Author Notes: Deep fry shrimp and potatoes with sweet sour and creamy sauce. - Hidemi
- 3/4 pounds Shrimp, deveined, peeled with tails on
- 2 Small Potatoes about 2/3 lb
- 1 cup canned Lima beans, drained
- 5 tablespoons Milk
- 4 teaspoons Lemon Juice
- 2 teaspoons Grated Garlic Clove
- 2 teaspoons Granulated Sugar
- 3 tablespoons Flour
- 3 tablespoons Corn Starch
- Vegetable Oil for deep fry
- Cut potatoes into 1/4 inch round slices, wrap in a plastic wrap and heat in a microwave for 2 minutes or until tender.
- Make sauce.

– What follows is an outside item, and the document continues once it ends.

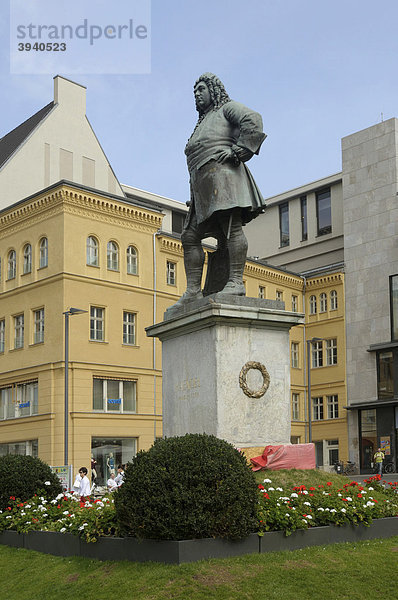 Händeldenkmal  Halle an der Saale  Sachsen-Anhalt  Deutschland  Europa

In a bowl, combine milk, mayonnaise, lemon juice, grated garlic clove, granulated sugar, salt and pepper. Mix well.
- In another bowl, combine flour and corn starch. Mix well.
- Sprinkle salt and pepper over shrimp and potatoes. Then coat them with flour and corn starch mixture.
- Heat vegetable oil in a frying pan, deep fry shrimp and then potatoes. Drain and put them into the sauce bowl. Add lima beans to the bowl too. Toss to coat.